Because of this more conservative stance, Fitch said it was

ultimately not asked to rate the deal.

It gives the example of the largest loan in the pool, Buena

Park California, which accounts for 20.8%. Fitch deems the

shopping mall sub-performing and said it was concerned with low

market occupancy, the high number of temporary tenants and low

reported in-line tenant sales, as well as stiff competition in

the submarket.

Furthermore, the loan is open to interest-rate risk as it

does not have an interest-rate cap.

The agency said it had seen several sub-performing malls

with significant loss severities, in some cases exceeding 100%.

A second example provided by the agency is the Cranbrook

Multifamily Portfolio in Houston, accounting for 5.7% of the

pool.
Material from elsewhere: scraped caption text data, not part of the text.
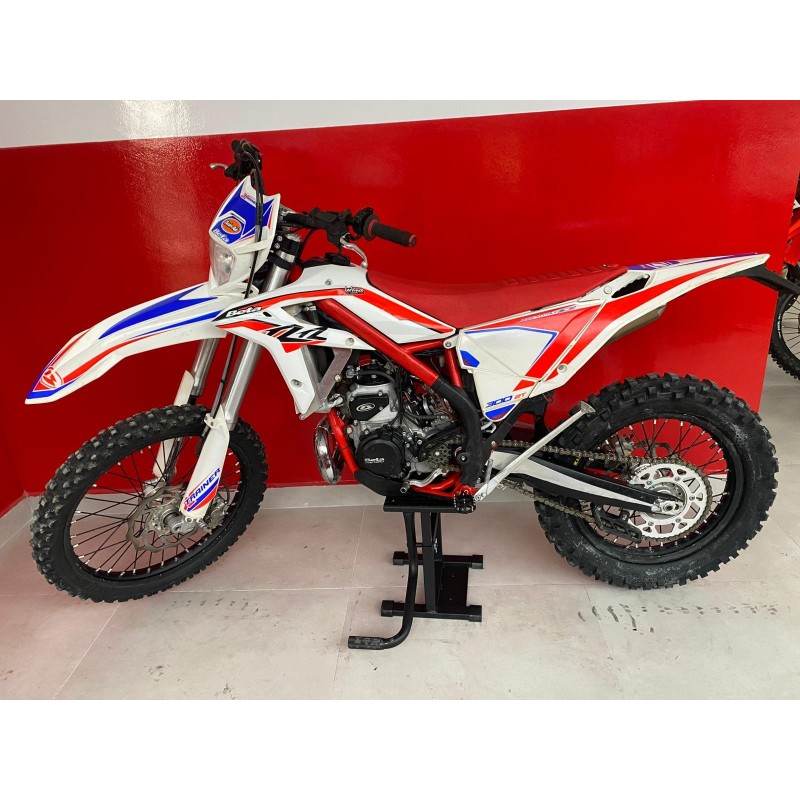 Beta X-Tainer 300 año 2022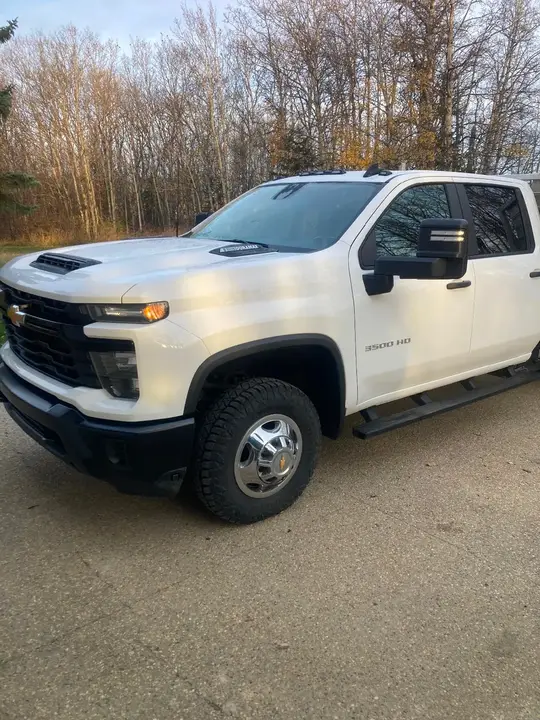 Chevrolet Silverado 3500Hd 2025 photo 4
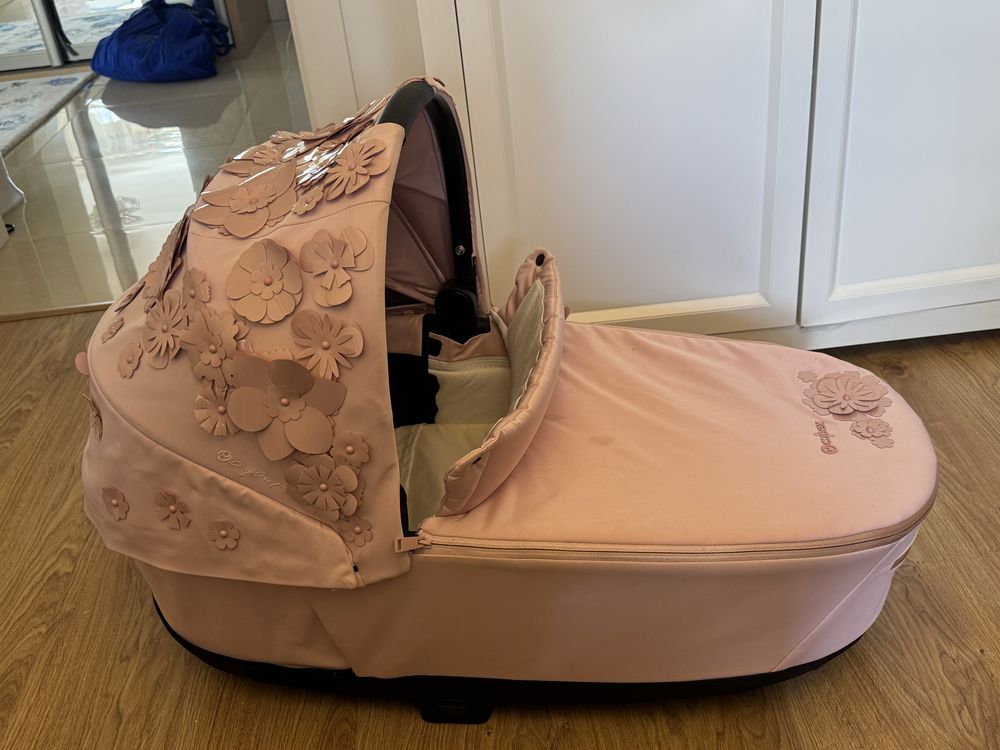 Gondola wozka cybex floral rozowy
Fitch was concerned that the cash flow has not stabilized,



as overall occupancy has fallen below 50%. It also lacks an

interest-rate cap, and has additional debt in the form of a

mezzanine loan.

Four weeks ago Moody's said it would only have rated the

junior tranches of another CMBS, JPMCC 2012-C8, as junk, and not

investment-grade as S&P did.

And three weeks ago Moody's said it would not have gone to

Triple A for RBS's Isobel Finance UK trade, saying it was only

worth a Double A rating. In addition, it would have undercut the

Double A and Triple B plus ratings that S&P gave the issue by up

to three notches.

USING CLO TECHNOLOGY

The US$227.54m NorthStar 2012-1 was backed by 14

floating-rate loans in a trust, linked to 19 properties. It was

structured as a so-called real estate mortgage investment

conduit (REMIC) -- not a grantor trust -- with no reinvestment

bucket.

The initial pool balance was US$351m, with a 33.6% exposure

to retail, and the tranches ranged from a US$152.8m two-year

Triple A down to Triple B minus (Moody's and S&P). NorthStar

retained the bottom 35% of the structure.
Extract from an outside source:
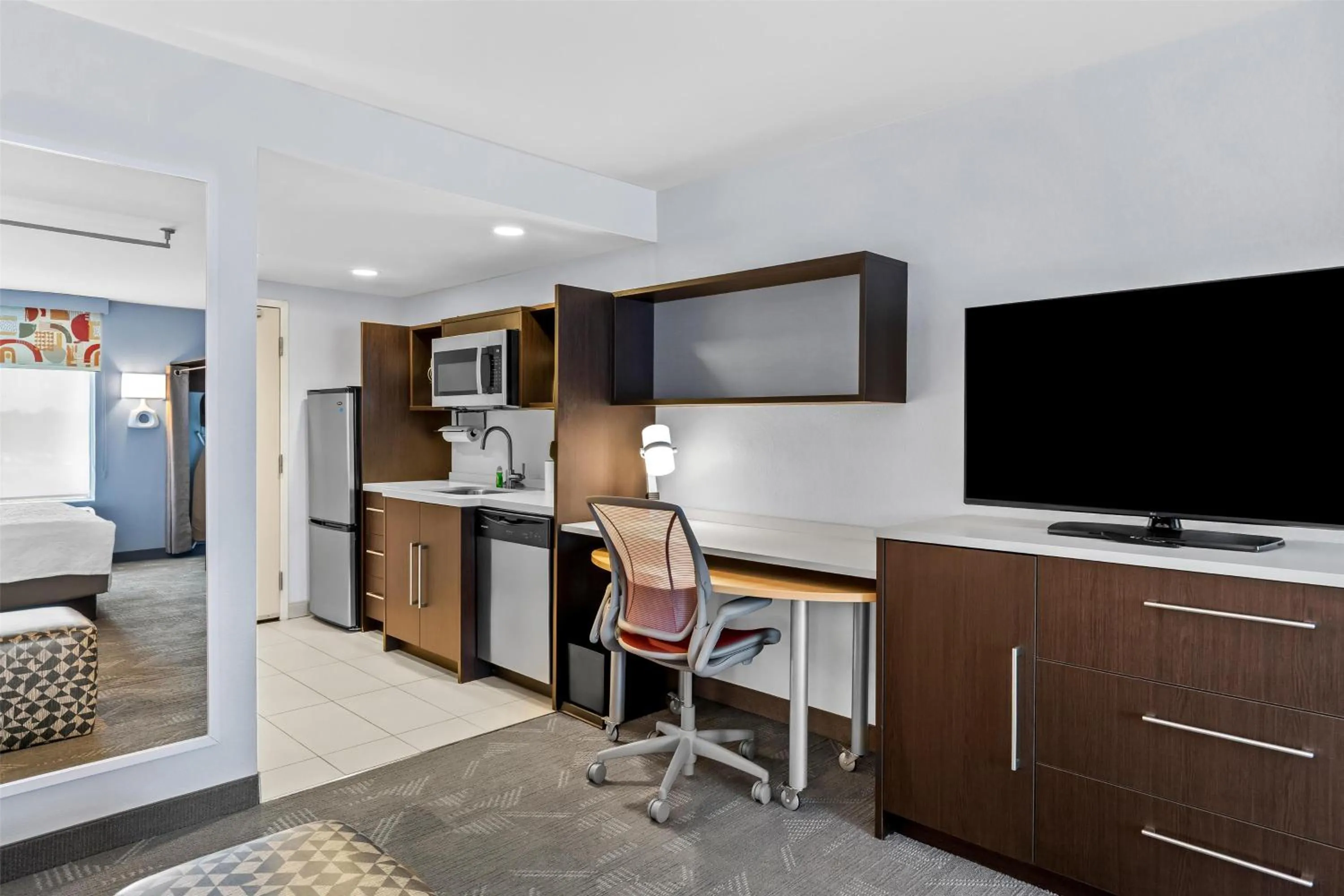 Kitchen or kitchenette in Home2 Suites By Hilton Youngstown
The deal priced with a weighted average coupon of Libor plus

1.63%.

Moody's stressed that the loan-to-value (LTV) for the pool

of loans was 125.3% - the highest level observed by the agency

in CMBS 2.0. In fact 13 loans, or 98.6% of the pool balance,

exceed 100% LTV.

Moreover, several properties were in a highly transitional

phase of operating performance. In its presale report, Moody's

said it believed there was an increased risk that the properties

would not achieve stabilized cash flow relative to other

previously rated large loan transactions. Therefore, the Triple

A slice had very high credit enhancement.



In March, Citigroup completed a very similar CMBS for A10

Capital, a commercial mortgage lender specializing in so-called

mini-perm, or bridge loans, which was less than US$100m in size.
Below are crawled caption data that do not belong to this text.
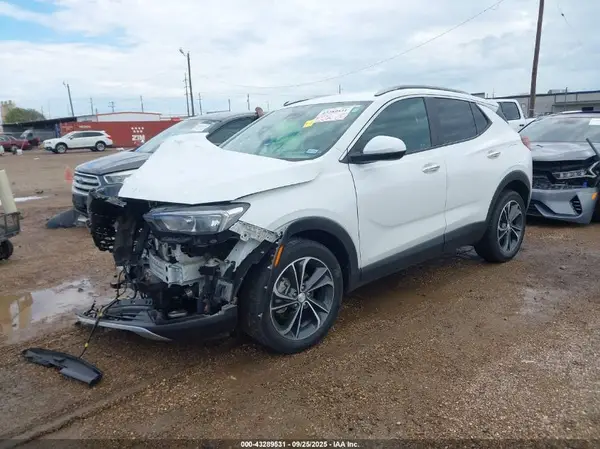 KL4MMDS23NB095526 2022 BUICK ENCORE GX - Image 2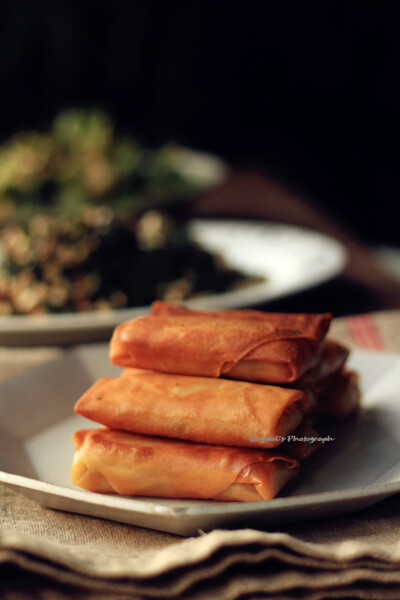 晚餐时间，与家人一起，好好吃饭~：酥炸猪排，苔香龙利鱼，小绵虾，麻酱拌冰草，枸杞头香干，素炒芹菜，一杯雪梨罗汉果润口~对了，还有想念了一天必吃上的春卷，哈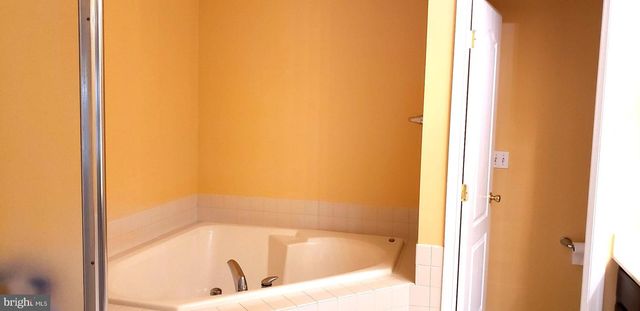 4 BLAKE DR, Pennington, NJ 08534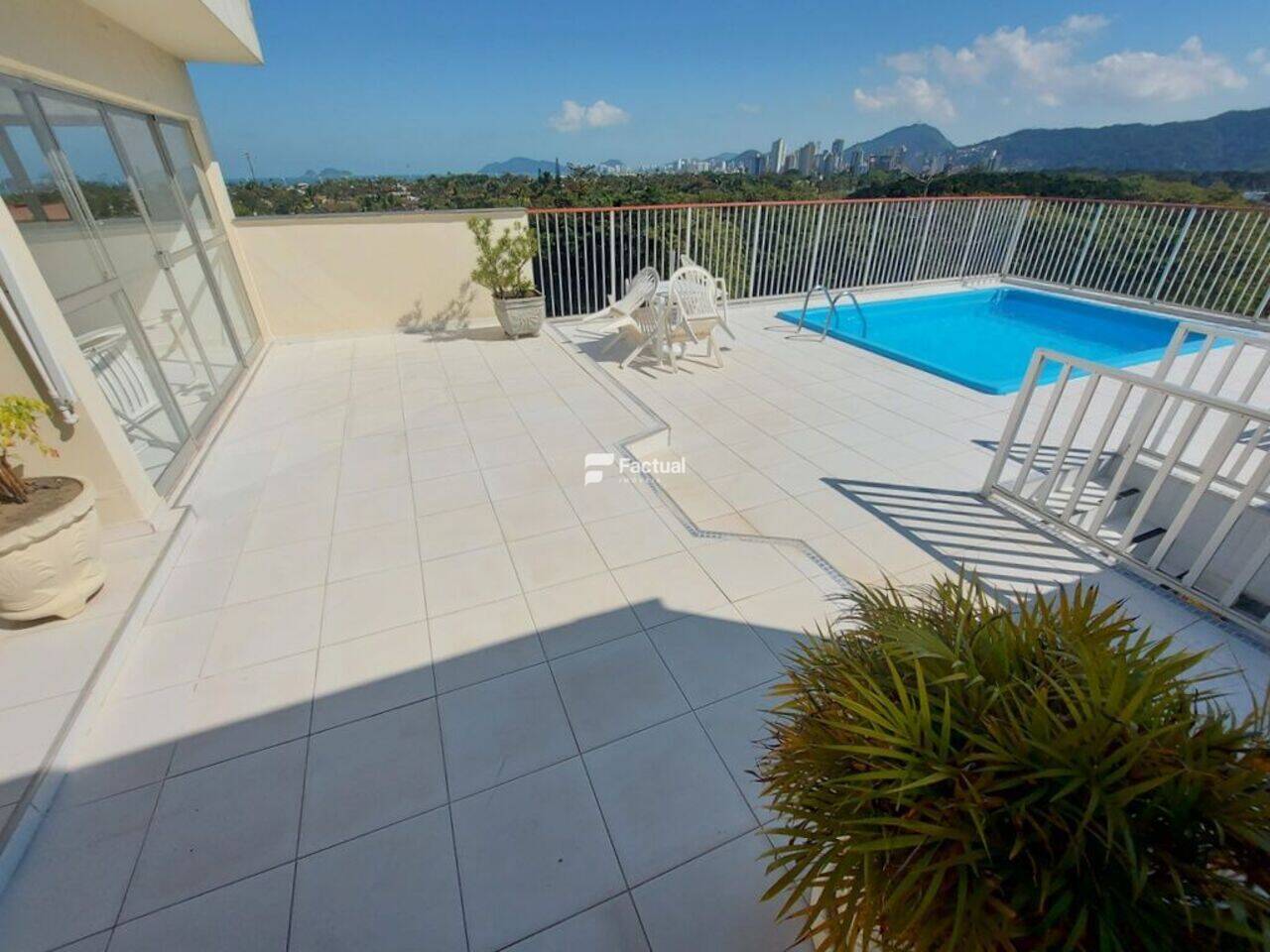 Apartamento Praia da Enseada, Guarujá - SP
A10's transaction was "backed by a pool of bridge or

unstabilized loans," Rick Jones, a partner and co-chair of law

firm Dechert's finance and real estate group, wrote in the

firm's real estate blog in May.

"The structure was a melding of traditional CMBS and

collateralized loan obligation (CLO) technologies, which

balanced the sponsor's need to manage and nurture bridge product

while providing investors with substantial credit enhancement,

downsize structural protection and certainty. Some of the loans

included [in the A10 deal] had future funding components."

Arbor Realty Trust, a REIT, issued a similar deal in the

form of a CLO in September.

"Theorizing going forward, I think the next round of all of

these products will have some CLO features to them," said Matt

Borstein, managing director in Deutsche Bank's CRE finance

group.

Market participants have been talking about resurrecting the

CRE CDO market for nearly two years, but it hasn't worked out

yet.

Prima Capital Advisers LLC tried to bring a US$670m CRE CDO

to market in July 2011 -- a fully-ramped securitization of

fixed-rate notes -- but it was scuttled at the time due to

overall investor skittishness due to the decision by Standard &

Poor's to pull a separate CMBS conduit just days before.

Deutsche Bank and Wells Fargo worked on the Prima Capital

deal.

CRE CDOs would offer more structural flexibility than CMBS

for loan aggregators, and far more yield for investors,

according to securitization specialists.